Volkswagen, with less of a strict focus on the North American market, has chosen to stay with its established dual wet clutch formula and add a further three speeds to its DQ500 DCT to bring the total ratio count to ten — the first production passenger car transmission of any kind to feature so many ratios. Cleverly, the new DQ511 retains the same dimensions and practically the same weight as its seven-speed companion — essential if it is to fit into VW’s modular component matrix — and, remarkably, the extra ratios have been achieved without having to increase the number of gear pairs.
“Reversing the power flow within the gearbox was enabled without additional pairs of gearwheels by employing an entirely new shifting strategy and adding two shifting elements and a reversing wheel,” says VW’s briefing. “This enables the implementation of ten progressively stepped gears.”

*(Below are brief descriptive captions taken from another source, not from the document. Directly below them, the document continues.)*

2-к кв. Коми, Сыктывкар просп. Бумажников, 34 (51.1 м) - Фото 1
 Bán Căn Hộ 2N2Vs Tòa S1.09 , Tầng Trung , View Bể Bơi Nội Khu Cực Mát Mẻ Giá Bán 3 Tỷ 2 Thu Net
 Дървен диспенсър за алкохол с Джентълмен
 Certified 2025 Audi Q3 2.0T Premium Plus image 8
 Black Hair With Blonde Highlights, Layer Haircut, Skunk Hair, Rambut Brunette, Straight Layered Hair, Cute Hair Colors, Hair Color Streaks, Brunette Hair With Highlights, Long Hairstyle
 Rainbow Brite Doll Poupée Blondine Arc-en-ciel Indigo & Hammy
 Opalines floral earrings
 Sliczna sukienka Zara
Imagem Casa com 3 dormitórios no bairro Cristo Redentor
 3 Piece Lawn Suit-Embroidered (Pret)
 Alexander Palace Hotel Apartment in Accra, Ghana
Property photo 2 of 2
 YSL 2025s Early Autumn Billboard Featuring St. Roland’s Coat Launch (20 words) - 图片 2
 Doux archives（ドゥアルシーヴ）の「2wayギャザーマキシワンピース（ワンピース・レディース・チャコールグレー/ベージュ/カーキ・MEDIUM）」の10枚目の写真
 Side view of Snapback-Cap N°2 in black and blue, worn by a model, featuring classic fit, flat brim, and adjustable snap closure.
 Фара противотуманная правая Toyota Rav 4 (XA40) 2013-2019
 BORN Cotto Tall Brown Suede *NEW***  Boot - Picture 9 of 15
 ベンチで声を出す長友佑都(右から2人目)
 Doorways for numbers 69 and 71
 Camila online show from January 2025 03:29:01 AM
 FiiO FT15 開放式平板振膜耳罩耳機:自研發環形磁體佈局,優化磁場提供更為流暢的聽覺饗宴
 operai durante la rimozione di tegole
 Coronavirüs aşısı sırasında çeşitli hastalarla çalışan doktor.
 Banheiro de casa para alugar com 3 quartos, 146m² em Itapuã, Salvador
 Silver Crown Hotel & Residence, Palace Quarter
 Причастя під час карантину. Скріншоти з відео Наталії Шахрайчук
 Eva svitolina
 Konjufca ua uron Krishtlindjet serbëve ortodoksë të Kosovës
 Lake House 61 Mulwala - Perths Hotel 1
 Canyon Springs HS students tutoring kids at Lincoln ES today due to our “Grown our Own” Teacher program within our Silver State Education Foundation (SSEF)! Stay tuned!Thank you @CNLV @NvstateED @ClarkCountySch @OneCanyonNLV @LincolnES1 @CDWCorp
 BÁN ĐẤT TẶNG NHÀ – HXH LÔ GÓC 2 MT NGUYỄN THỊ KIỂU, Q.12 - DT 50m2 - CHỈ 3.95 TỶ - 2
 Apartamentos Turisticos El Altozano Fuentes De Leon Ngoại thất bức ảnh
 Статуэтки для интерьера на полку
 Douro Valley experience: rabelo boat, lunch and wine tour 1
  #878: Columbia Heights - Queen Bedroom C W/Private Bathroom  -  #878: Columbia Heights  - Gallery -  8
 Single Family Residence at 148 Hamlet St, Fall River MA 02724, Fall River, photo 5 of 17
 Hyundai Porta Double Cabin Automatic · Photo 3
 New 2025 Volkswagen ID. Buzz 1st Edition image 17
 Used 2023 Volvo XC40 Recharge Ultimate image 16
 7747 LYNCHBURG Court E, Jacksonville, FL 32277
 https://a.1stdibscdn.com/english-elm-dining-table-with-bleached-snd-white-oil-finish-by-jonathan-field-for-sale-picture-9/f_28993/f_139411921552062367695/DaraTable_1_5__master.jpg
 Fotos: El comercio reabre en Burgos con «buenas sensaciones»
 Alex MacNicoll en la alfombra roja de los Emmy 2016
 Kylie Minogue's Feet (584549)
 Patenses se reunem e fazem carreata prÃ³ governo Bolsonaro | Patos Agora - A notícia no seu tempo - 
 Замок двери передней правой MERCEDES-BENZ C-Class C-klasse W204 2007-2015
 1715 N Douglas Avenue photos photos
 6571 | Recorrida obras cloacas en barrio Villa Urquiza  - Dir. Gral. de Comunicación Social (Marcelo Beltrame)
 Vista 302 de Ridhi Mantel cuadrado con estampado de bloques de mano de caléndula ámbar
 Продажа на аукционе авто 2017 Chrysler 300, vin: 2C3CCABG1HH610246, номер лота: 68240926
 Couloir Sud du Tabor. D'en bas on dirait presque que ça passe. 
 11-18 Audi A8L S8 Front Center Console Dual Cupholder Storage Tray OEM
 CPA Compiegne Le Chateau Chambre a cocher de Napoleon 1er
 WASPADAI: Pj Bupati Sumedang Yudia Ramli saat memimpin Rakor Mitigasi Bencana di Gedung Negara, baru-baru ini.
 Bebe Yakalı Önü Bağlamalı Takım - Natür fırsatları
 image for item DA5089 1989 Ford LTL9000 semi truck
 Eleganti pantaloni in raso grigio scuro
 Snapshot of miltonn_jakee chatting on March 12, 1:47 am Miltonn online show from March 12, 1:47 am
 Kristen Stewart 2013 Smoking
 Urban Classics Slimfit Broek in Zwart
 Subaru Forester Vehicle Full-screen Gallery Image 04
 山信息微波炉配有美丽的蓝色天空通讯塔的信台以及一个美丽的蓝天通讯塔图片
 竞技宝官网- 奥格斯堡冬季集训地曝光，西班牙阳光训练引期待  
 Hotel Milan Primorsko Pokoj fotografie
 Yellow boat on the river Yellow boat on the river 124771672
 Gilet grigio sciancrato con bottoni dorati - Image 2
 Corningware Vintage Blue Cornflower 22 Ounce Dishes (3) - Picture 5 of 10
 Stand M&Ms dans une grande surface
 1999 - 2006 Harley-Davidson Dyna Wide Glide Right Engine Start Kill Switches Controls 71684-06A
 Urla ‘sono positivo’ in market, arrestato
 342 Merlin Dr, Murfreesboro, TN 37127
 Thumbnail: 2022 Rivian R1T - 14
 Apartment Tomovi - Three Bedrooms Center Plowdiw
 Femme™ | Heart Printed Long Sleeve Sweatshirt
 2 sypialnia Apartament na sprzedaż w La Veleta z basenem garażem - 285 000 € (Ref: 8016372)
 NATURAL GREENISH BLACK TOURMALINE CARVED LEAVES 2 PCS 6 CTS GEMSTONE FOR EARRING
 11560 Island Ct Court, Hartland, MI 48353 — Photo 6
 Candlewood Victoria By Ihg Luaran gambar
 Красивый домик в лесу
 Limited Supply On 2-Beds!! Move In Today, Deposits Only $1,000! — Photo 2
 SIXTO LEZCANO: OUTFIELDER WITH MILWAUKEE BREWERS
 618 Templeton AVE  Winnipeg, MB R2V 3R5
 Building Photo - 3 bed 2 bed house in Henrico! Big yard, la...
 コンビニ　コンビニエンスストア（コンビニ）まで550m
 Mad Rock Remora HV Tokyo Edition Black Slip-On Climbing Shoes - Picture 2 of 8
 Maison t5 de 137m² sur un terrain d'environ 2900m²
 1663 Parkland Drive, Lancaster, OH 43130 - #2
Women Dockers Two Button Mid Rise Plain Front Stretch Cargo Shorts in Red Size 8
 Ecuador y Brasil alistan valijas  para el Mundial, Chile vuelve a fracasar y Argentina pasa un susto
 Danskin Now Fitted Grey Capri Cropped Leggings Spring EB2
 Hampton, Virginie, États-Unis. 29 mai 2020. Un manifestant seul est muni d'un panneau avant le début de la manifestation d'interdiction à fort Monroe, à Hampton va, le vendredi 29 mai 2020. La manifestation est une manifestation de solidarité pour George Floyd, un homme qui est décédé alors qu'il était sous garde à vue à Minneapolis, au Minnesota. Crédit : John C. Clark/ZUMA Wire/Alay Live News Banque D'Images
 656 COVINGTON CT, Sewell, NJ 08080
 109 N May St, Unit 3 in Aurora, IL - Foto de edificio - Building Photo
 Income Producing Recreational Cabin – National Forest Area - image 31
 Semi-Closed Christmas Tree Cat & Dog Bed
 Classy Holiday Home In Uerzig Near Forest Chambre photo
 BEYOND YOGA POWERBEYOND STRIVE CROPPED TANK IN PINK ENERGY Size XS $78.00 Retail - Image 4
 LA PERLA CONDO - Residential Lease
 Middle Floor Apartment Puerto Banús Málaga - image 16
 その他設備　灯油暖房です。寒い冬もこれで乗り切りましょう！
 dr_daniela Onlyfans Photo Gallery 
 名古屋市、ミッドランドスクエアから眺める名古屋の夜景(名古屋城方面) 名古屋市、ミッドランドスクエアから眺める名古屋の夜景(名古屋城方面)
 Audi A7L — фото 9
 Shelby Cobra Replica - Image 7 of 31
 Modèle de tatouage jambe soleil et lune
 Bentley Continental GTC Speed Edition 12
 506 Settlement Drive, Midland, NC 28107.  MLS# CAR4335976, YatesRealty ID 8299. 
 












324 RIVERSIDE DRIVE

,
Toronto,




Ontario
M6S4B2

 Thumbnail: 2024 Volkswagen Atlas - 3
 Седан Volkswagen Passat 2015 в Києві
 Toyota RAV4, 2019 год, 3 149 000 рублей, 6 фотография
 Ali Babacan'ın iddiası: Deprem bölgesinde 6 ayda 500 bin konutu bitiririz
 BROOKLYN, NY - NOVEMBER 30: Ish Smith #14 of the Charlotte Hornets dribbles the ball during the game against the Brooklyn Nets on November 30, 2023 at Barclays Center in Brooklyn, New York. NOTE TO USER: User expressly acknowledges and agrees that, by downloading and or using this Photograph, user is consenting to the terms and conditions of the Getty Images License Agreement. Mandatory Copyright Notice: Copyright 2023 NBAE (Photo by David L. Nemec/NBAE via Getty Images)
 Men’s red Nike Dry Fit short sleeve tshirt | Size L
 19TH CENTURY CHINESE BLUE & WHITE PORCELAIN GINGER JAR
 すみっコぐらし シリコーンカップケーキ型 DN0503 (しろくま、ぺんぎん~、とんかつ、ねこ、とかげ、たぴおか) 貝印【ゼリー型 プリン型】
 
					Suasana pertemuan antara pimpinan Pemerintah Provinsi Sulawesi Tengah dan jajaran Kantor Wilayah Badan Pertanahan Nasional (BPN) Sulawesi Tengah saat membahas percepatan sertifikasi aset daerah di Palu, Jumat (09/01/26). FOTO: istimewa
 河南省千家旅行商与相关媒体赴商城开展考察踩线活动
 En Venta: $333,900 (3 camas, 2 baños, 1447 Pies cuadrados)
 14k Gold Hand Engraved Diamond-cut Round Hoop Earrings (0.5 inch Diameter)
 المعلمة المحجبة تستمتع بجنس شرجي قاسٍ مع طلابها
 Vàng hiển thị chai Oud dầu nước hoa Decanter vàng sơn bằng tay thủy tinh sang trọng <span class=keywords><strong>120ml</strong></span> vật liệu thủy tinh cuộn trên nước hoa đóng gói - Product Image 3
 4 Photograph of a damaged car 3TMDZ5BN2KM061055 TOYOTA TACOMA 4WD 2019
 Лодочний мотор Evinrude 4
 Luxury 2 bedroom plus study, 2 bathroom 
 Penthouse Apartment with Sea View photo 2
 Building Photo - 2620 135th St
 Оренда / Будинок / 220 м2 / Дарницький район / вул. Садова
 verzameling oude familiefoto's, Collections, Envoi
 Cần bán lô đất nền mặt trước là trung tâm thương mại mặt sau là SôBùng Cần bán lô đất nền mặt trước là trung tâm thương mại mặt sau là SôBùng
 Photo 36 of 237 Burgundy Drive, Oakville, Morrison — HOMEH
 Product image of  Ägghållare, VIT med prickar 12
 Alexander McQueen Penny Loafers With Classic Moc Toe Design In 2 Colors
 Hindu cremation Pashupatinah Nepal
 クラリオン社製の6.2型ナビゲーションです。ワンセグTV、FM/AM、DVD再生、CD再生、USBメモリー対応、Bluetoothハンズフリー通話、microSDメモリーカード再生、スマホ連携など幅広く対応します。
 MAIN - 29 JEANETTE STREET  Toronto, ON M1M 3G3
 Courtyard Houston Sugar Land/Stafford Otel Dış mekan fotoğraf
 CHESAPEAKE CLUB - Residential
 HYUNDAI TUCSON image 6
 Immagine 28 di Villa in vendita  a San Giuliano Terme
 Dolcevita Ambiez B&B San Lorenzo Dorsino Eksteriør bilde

Volkswagen group’s ten-speed DCT is an enhancement of the seven-speed unit, also handling 550 Nm torque.
Significantly, in view of Honda’s similar comments on DCT launch performance, VW has taken the opportunity to make the first three gears low (short) to further improve drive-off, and the “finely graduated” steps right up to ninth gear enable efficiency gains. Tenth is a long gear, significantly reducing rpm and thus CO2 emissions during cruise. VW also points to the possibility of gears for special functions, such as an ultra-low crawler ratio for off-road work, or a special super-overdrive.
Like Honda, VW has developed a special oil for this transmission, and special coatings on the gearwheels and low-friction bearings help further improve efficiency. As with all of VW’s latest DCTs, the DQ511 is equipped to permit engine-off coasting, fully decoupling the engine.